廣州亞運會的武術套路比賽昨天全部結束,雖然中國運動員在演武場上掀起了一陣奪金旋風,但是這回最搶眼的并不是他們,而是那些穿著傳統對襟練功服的外國運動員。這些來自異域的武林高手師從于中國師父,一招一式都有板有眼,說起話來也時不時地蹦出一兩個中文詞匯,有的還帶有一點兒地方口音。雖然武術仍舊是非奧項目,然而毫無疑問的是,它在國際上的流行程度絕對令人不敢忽視。
■功夫電影堪稱大使
1982年,一部《少林寺》風靡大江南北,也在神州大地掀起了一股功夫熱潮。28年過去了,功夫片仍舊是最受歡迎的電影,李連杰、成龍、甄子丹等動作明星是全球觀眾的偶像。在參加本屆亞運會武術比賽的很多外國運動員心中,他們占據了非常重的分量。

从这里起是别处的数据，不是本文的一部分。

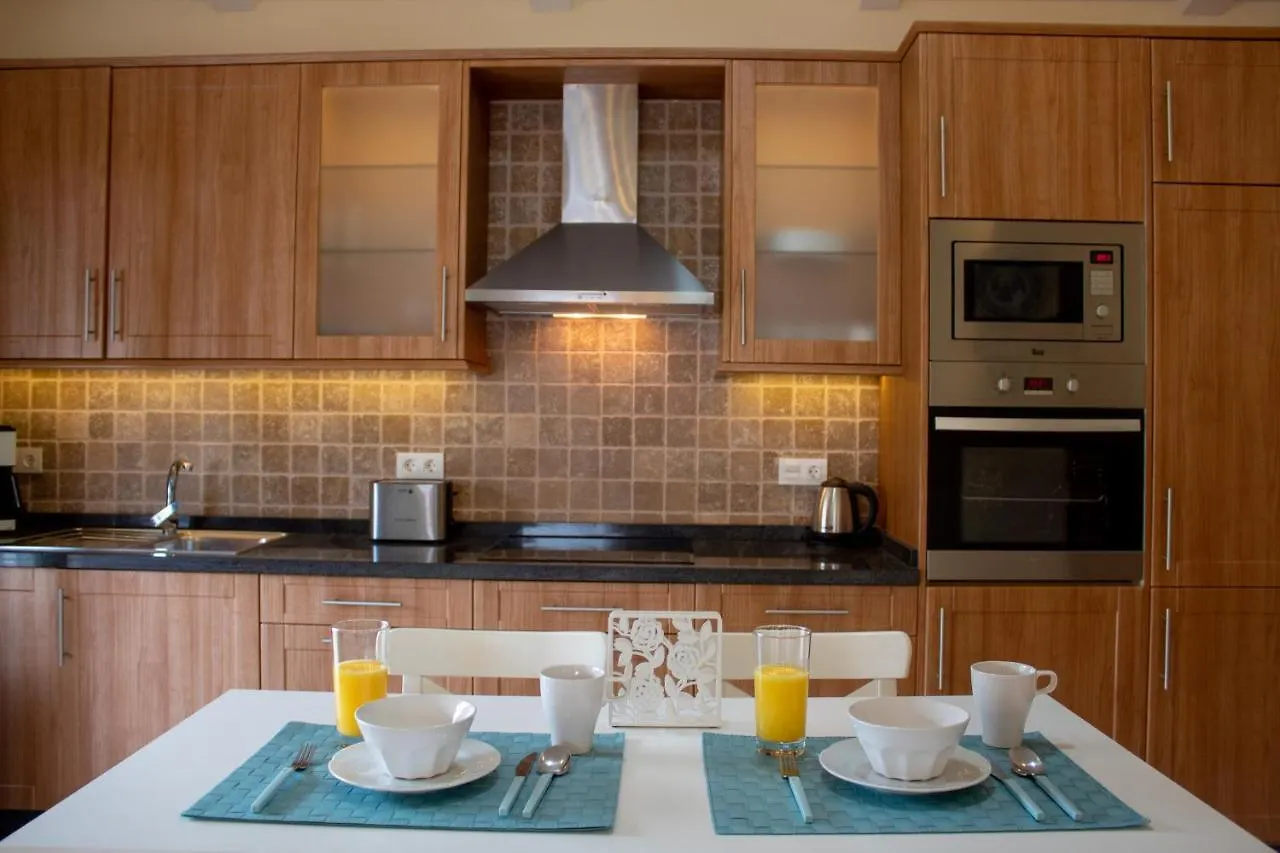 בית נופש פריחיליאנה Quiet House In Village Center With Mountains Views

市來崎大祐的媽媽在看了《少林寺》之后便成為了李連杰的鐵桿粉絲,捎帶手把自己的兒子也拉入到了李連杰迷的陣營當中。從最早的《少林寺》,到后來的《方世玉》、《黃飛鴻》、《霍元甲》,市來崎大祐如數家珍。市來崎大祐的教練是李連杰的師兄孫建明,2007年世錦賽的時候,他特別托師父帶著自己找到偶像見面合影。來自印度尼西亞的黃龍飛參加了男子刀術棍術的比賽,成績很一般,他說:“我最喜歡甄子丹了,他打得實在是太帥了!只可惜我現在還練不到那種程度,只能學著模仿一下。”參加亞運會女子長拳比賽的16歲的文萊中學生李瑩詩練習武術是媽媽所迫,“我三年前開始練武術,因為媽媽是李連杰和成龍的超級‘粉絲’,她就‘逼’我練武。”她說,盡管與武術結緣是為了媽媽的微笑,可是自己很快就喜歡上了武術。“除了可以打比賽,在學校能耍上幾手中國功夫,也是很酷的”。李連杰的功夫片則是她的最愛。
武術運動管理中心主任高小軍也承認功夫片對于武術的推廣作用很大,“武術完全可以成為流行時尚的選擇之一,動作電影對于武術某些功能藝術化的放大也是為了最完美地體現它的特質,就宣傳而言非常好。”
■免費外派武術教練
凡是喜歡看功夫片或者是喜歡讀武俠小說的人都會很熟悉一個情節,某門派的武功秘笈絕對是傳內不傳外,比如說金庸筆下少林寺的鎮寺之寶《易筋經》,《天龍八部》里的慕容博和蕭遠山兩人躲在藏經閣內數十年都沒能窺其一二。其實所謂的武林絕學遠沒有傳說中的那樣高深莫測,持有者對于它的態度也并非那般諱莫如深。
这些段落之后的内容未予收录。